Problem importing Brucker Tims-TOF Pro data in docker container

support
Problem importing Brucker Tims-TOF Pro data in docker container m j noga  2021-04-23 02:42
 

Dear Skyline Support team,

With a larger team of bioinformaticians and developers we are prototyping data processing and analysis workflow based on Skyline. In one of the use cases we performing targeted MS1 feature extraction using from the TimsTOF Pro data. We already successfully tested the workflow on Windows, both via GUI and command line and we are right now at the stage of transferring it to containerized environment on our Linux cluster.

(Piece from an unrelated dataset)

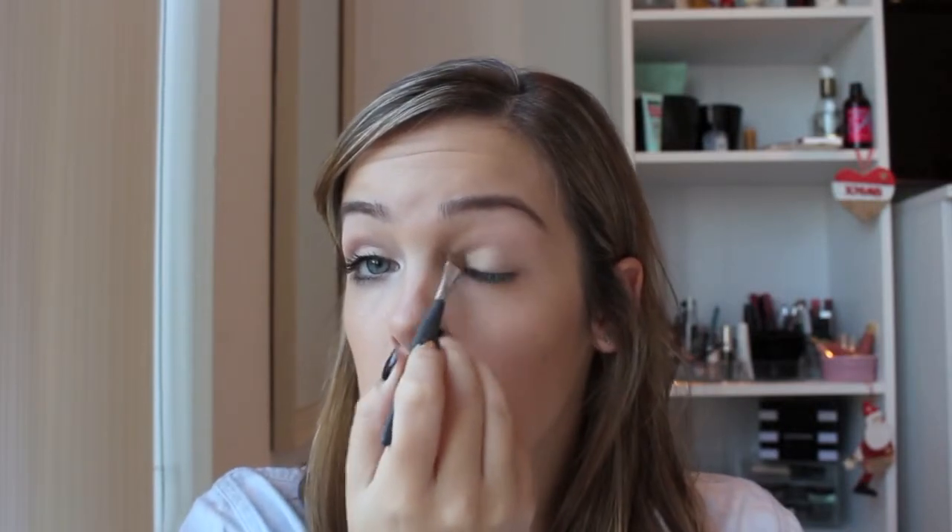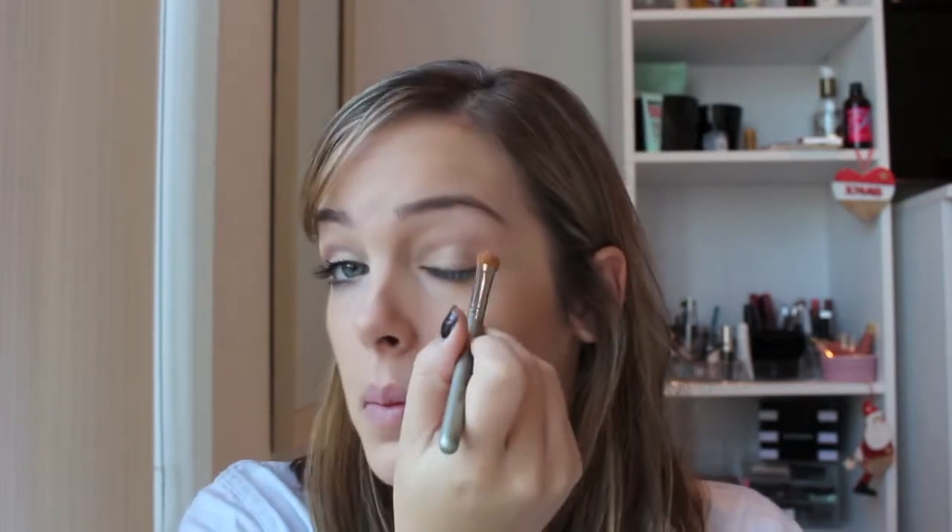I'm going to use my Revlon ColorStay shadow in Bone as an over-the-lid color on just a flat shadow brush. Then as my transition color I'm going to use a fluffy brush and my bronzer in Sunny because it's the perfect color for me.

As a first stage we are just using official docker image (https://hub.docker.com/r/chambm/pwiz-skyline-i-agree-to-the-vendor-licenses), but we experiencing a high number of import failures with the following exception:

Unhandled Exception: System.AccessViolationException: Attempted to read or write protected memory. This is often an indication that other memory is corrupt.
   at System.Collections.Generic.GenericArraySortHelper`2.Swap(TKey[] keys, TValue[] values, Int32 i, Int32 j)
   at System.Collections.Generic.GenericArraySortHelper`2.PickPivotAndPartition(TKey[] keys, TValue[] values, Int32 lo, Int32 hi)
   at System.Collections.Generic.GenericArraySortHelper`2.IntroSort(TKey[] keys, TValue[] values, Int32 lo, Int32 hi, Int32 depthLimit)
   at System.Collections.Generic.GenericArraySortHelper`2.IntroSort(TKey[] keys, TValue[] values, Int32 lo, Int32 hi, Int32 depthLimit)
   at System.Collections.Generic.GenericArraySortHelper`2.IntroSort(TKey[] keys, TValue[] values, Int32 lo, Int32 hi, Int32 depthLimit)
   at System.Collections.Generic.GenericArraySortHelper`2.IntroSort(TKey[] keys, TValue[] values, Int32 lo, Int32 hi, Int32 depthLimit)
   at System.Collections.Generic.GenericArraySortHelper`2.IntroSort(TKey[] keys, TValue[] values, Int32 lo, Int32 hi, Int32 depthLimit)
   at System.Collections.Generic.GenericArraySortHelper`2.Sort(TKey[] keys, TValue[] values, Int32 index, Int32 length, IComparer`1 comparer)
   at System.Array.Sort[TKey,TValue](TKey[] keys, TValue[] items, Int32 index, Int32 length, IComparer`1 comparer)
   at System.Array.Sort[TKey,TValue](TKey[] keys, TValue[] items)
   at pwiz.Skyline.Util.ArrayUtil.Sort[TItem](TItem[] array, TItem[][] secondaryArrays) in Z:\pwiz\pwiz_tools\Skyline\Util\Util.cs:line 945
   at pwiz.Skyline.Model.Results.SpectraChromDataProvider.Spectra.SortSpectrum(SpectrumInfo spectrumInfo, Int32 i) in Z:\pwiz\pwiz_tools\Skyline\Model\Results\SpectraChromDataProvider.cs:line 997
   at pwiz.Common.SystemUtil.ProducerConsumerWorker`2.Consume(Object threadIndex) in Z:\pwiz\pwiz_tools\Shared\Common\SystemUtil\ProducerConsumerWorker.cs:line 185
   at System.Threading.ExecutionContext.RunInternal(ExecutionContext executionContext, ContextCallback callback, Object state, Boolean preserveSyncCtx)
   at System.Threading.ExecutionContext.Run(ExecutionContext executionContext, ContextCallback callback, Object state, Boolean preserveSyncCtx)
   at System.Threading.ExecutionContext.Run(ExecutionContext executionContext, ContextCallback callback, Object state)
   at System.Threading.ThreadHelper.ThreadStart(Object obj) 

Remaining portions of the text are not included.